### YOUR TASK:
All lines from the opening of the material up to and including the line with "a utility room with closet dryer and washer" should be transcribed exactly, pictures excepted.

### STUDY MATERIAL:
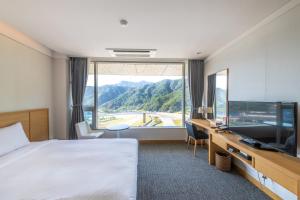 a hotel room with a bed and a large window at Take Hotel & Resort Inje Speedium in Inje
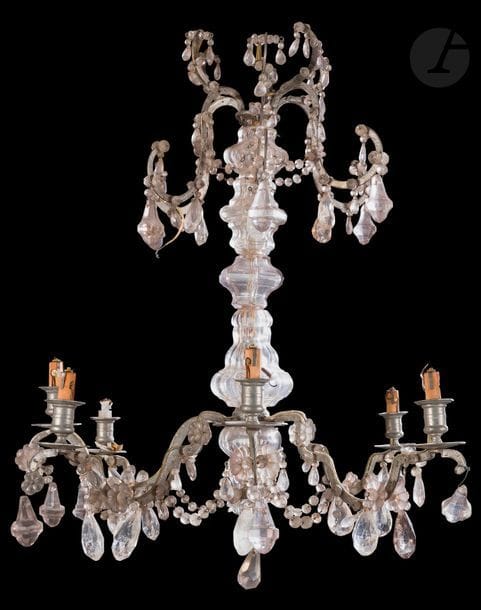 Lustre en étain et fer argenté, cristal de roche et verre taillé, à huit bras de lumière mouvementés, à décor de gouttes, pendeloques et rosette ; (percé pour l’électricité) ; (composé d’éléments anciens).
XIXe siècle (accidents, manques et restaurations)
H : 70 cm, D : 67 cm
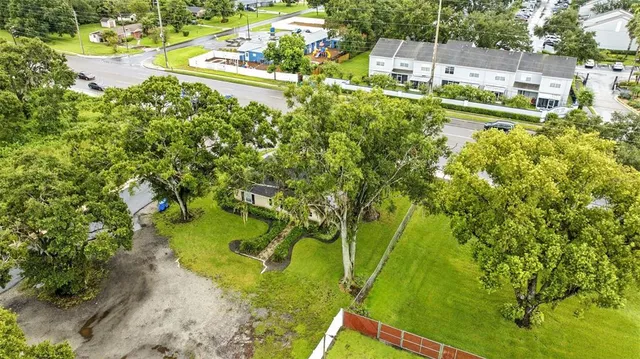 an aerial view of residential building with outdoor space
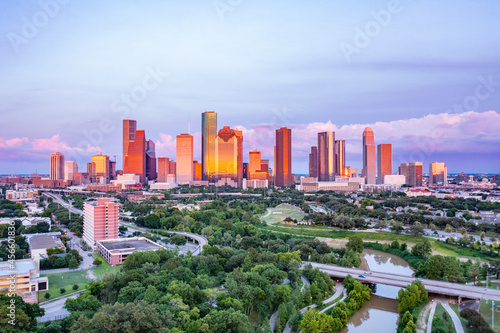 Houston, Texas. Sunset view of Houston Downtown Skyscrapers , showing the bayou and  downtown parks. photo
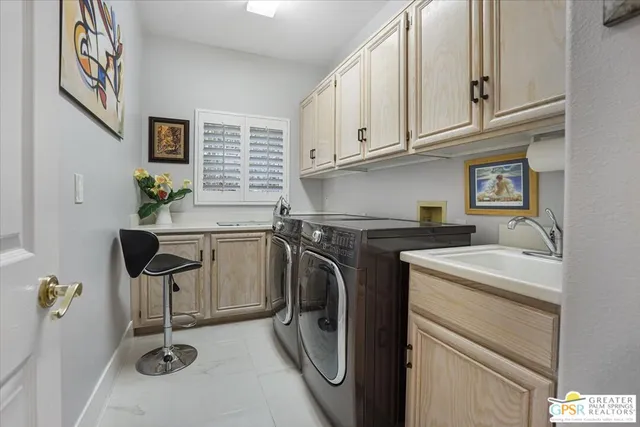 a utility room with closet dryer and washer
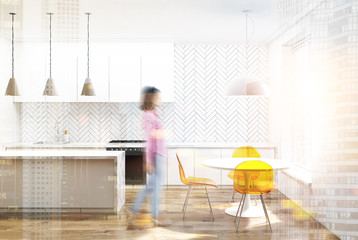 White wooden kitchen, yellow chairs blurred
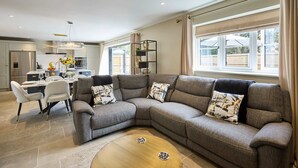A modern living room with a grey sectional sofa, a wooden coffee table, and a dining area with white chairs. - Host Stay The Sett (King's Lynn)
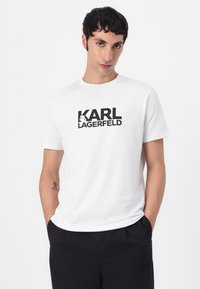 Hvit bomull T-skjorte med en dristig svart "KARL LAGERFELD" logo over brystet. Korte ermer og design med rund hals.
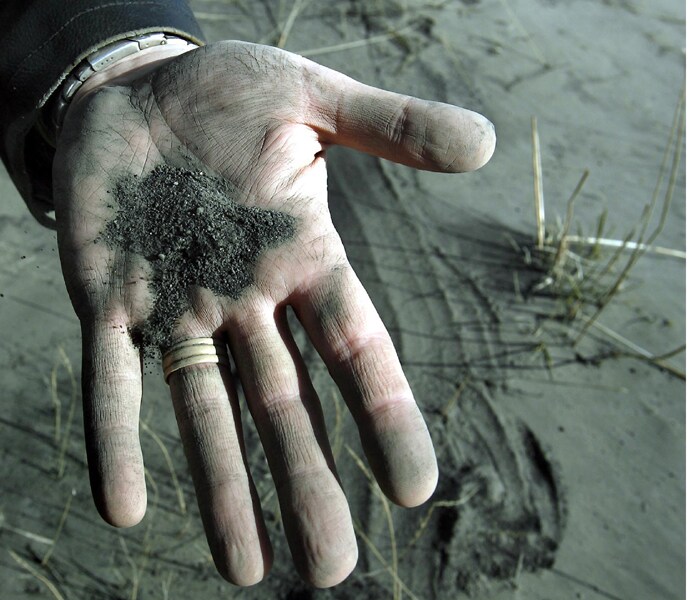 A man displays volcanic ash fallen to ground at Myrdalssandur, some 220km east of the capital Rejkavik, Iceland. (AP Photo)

### ANSWER TO THE EXERCISE:
 a hotel room with a bed and a large window at Take Hotel & Resort Inje Speedium in Inje
 Lustre en étain et fer argenté, cristal de roche et verre taillé, à huit bras de lumière mouvementés, à décor de gouttes, pendeloques et rosette ; (percé pour l’électricité) ; (composé d’éléments anciens).
XIXe siècle (accidents, manques et restaurations)
H : 70 cm, D : 67 cm
 an aerial view of residential building with outdoor space
 Houston, Texas. Sunset view of Houston Downtown Skyscrapers , showing the bayou and  downtown parks. photo
 a utility room with closet dryer and washer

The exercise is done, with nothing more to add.